Let it never be said that there are not enough currency vehicles available to mainstream individual investors. Active currency traders have had access to the currency markets via various currency brokers and future contracts. Most advisors recommend that investors have some portion of their portfolio overseas with the currency exposure unhedged. Now that there are a cornucopia of new vehicles available, the real question is how investors should manage, or not, their foreign currency exposure?
Katie Benner at TheStreet.com has a look at the slew of “sophisticated” ETF vehicles that have recently come to market, including the currency ETFs. We have been skeptical of the ETF providers in that they have changed the nature of the ETF value proposition.
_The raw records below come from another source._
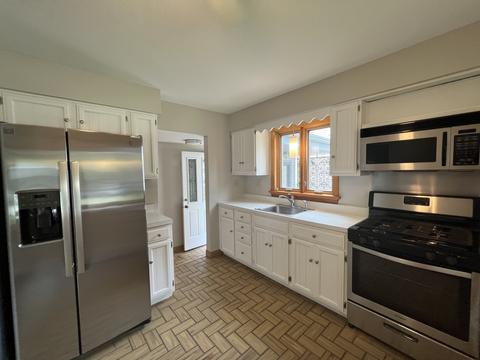 896 Alfini Dr, Des Plaines, IL 60016 photo 3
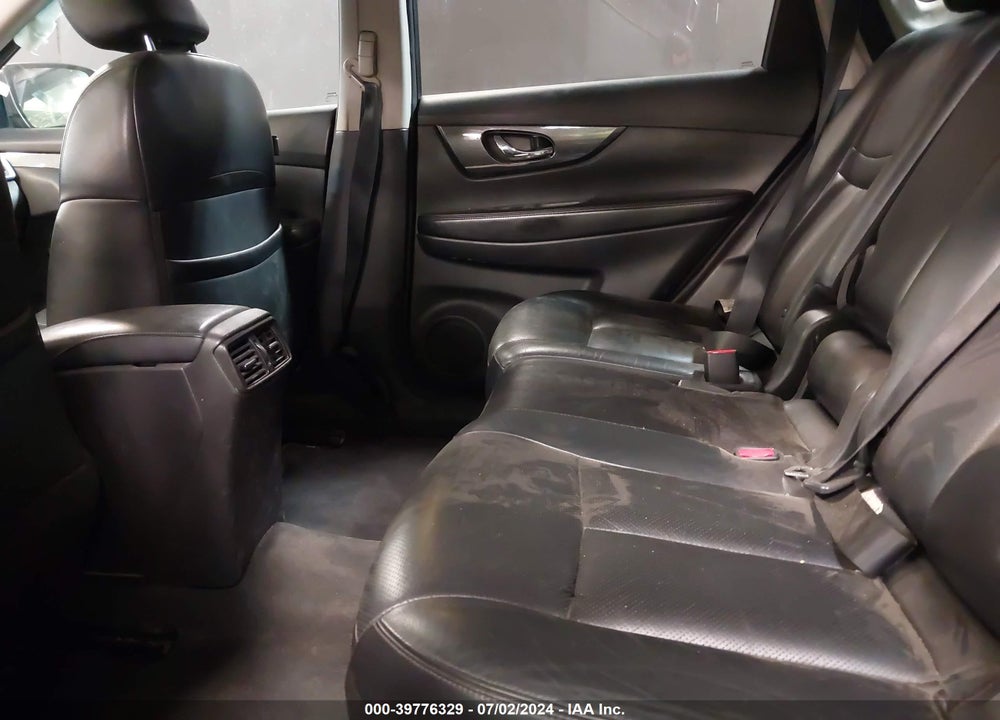2015 NISSAN ROGUE SL VIN: 5N1AT2MV7FC854483
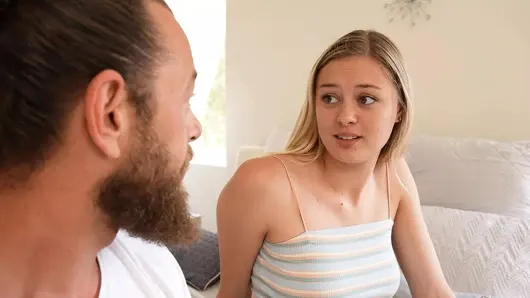 Busty genç amber moore ağırlıyor onu ev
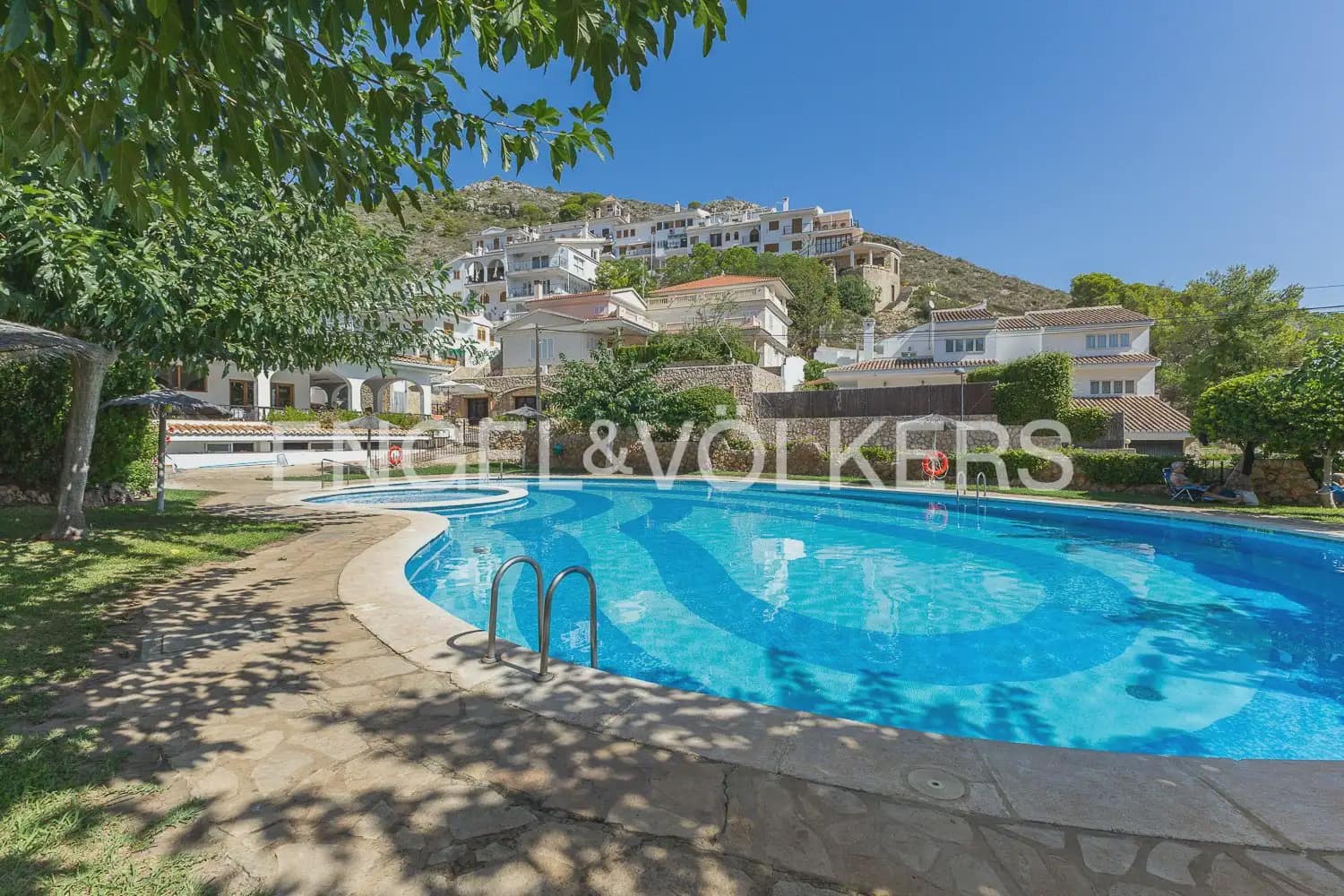 Pareado de 4 habitaciones en Cullera en venta con piscina garaje - 670.000 € (Ref: 10060871)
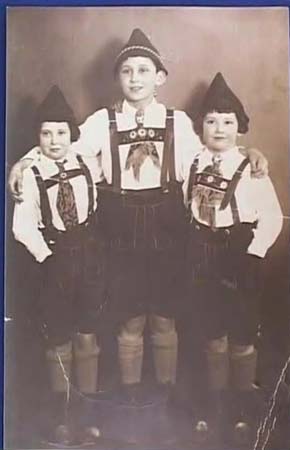 WF: With sister Thea and brother Manfred, 1927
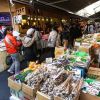 Pasar Tsukiji bagian luar yang menjual aneka seafood (Japan Guide). Pasar Tsukiji bagian luar yang menjual aneka seafood (Japan Guide).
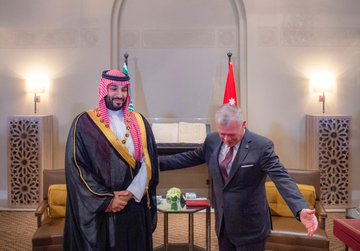 الملك عبدالله يمنح ولي العهد الأمير محمد بن سلمان قلادة الحسين بن علي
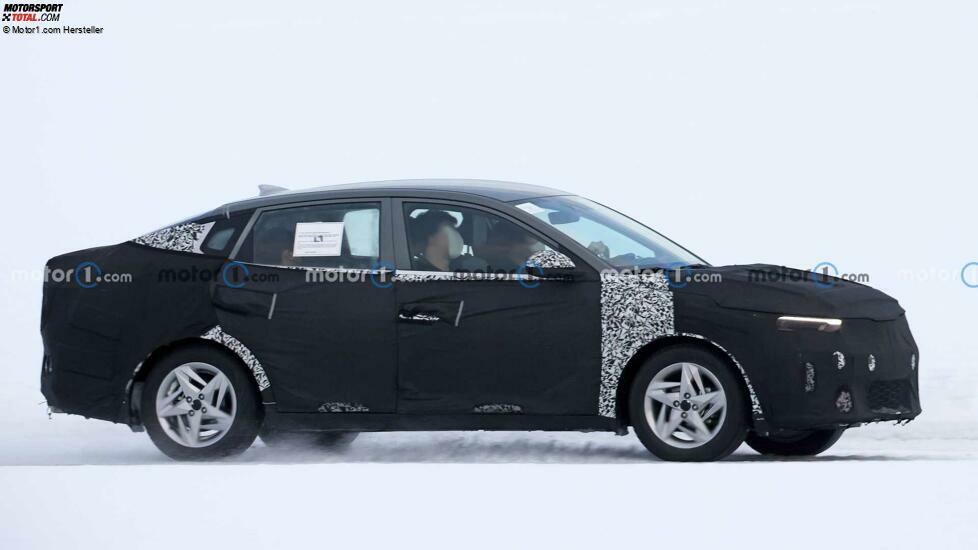 Kia Rio Limousine als Erlkönig erwischt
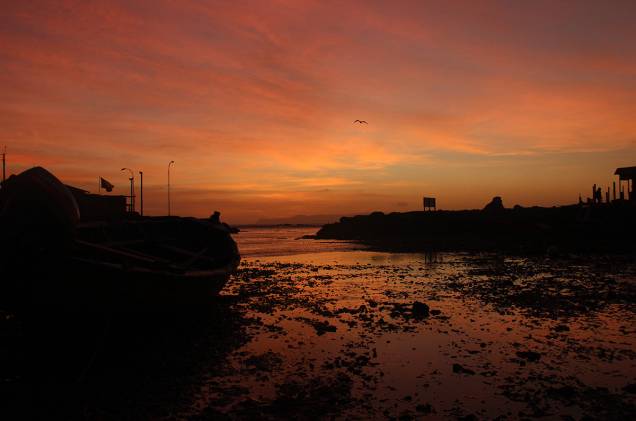 <strong>Agrupación de Turismo Delfines - Caleta Chañaral de Aceituno, <a href="https://viajeaqui.abril.com.br/paises/chile" rel="Chile" target="_blank">Chile</a></strong> “Acordávamos aos sons das gaivotas, das ondas do mar e do vento. Era uma sensação tocante. As pessoas foram um caso a parte. Praticamente todos os dias éramos convidados a fazer as refeição na casa de um. Ficávamos horas e horas ouvindo as histórias da Caleta e falando sobre nós e nossos planos.” <strong>Agrupación de Turismo Delfines - Caleta Chañaral de Aceituno, <a href="https://viajeaqui.abril.com.br/paises/chile" rel="Chile" target="_blank">Chile</a></strong> “Acordávamos aos sons das gaivotas, das ondas do mar e do vento. Era uma sensação tocante. As pessoas foram um caso a parte. Praticamente todos os dias éramos convidados a fazer as refeição na casa de um. Ficávamos horas e horas ouvindo as histórias da Caleta e falando sobre nós e nossos planos.”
Apparently we have some support for that:
“Originally, ETFs came out and built on the premise behind indexing — that if you have a broad portfolio and keep expenses low, the odds of beating the typical active manager are pretty good,” says Morris. “But the landscape has changed over the past couple of years and ETF providers have sliced and diced the market into narrower and narrower segments, which is very different from the original intent and the goal of indexing.”
While these products are targeted towards sophisticated individual investors and professionals the risk is that they are poorly understood or misused by individual investors.
Arijit Dutta at Morningstar.com does not specifically address the new currency ETFs, but given this quote we think that they would not be high on the list for individual investors.
Because currency movements are notoriously hard to predict, we would also advise that investors avoid big bets on the direction of the dollar. Yet we also think it’s advisable to have at least a small amount of non-dollar currency exposure in your portfolio. You can look at it as buying some insurance against the possibility of a sharp decline in the dollar. In the long run, foreign-currency exposure also tends to diversify a portfolio nicely.
Given this thinking exposure to international equity, fixed income and cash equivalents would be sufficient to provide most investors with enough non-dollar exposure to suffice.
Speaking of the new currency ETFs, Random Roger believes if these six new funds are reasonably successful we can probably expect new ones down the road. By the way Roger is favorably inclined towards the Currency Shares Swedish Krona Trust (FXS).
Adam Warner is all in favor of more currency vehicles, but wants multiply-listed options listed on each of them.
We are all for letting the market sort out the slew of new ETFs. For those investors with strong views on the relative merits of these currencies, then these vehicles provide for an easier route to currency exposure. We are however skeptical that these vehicles will be a wise choice for the majority of investors.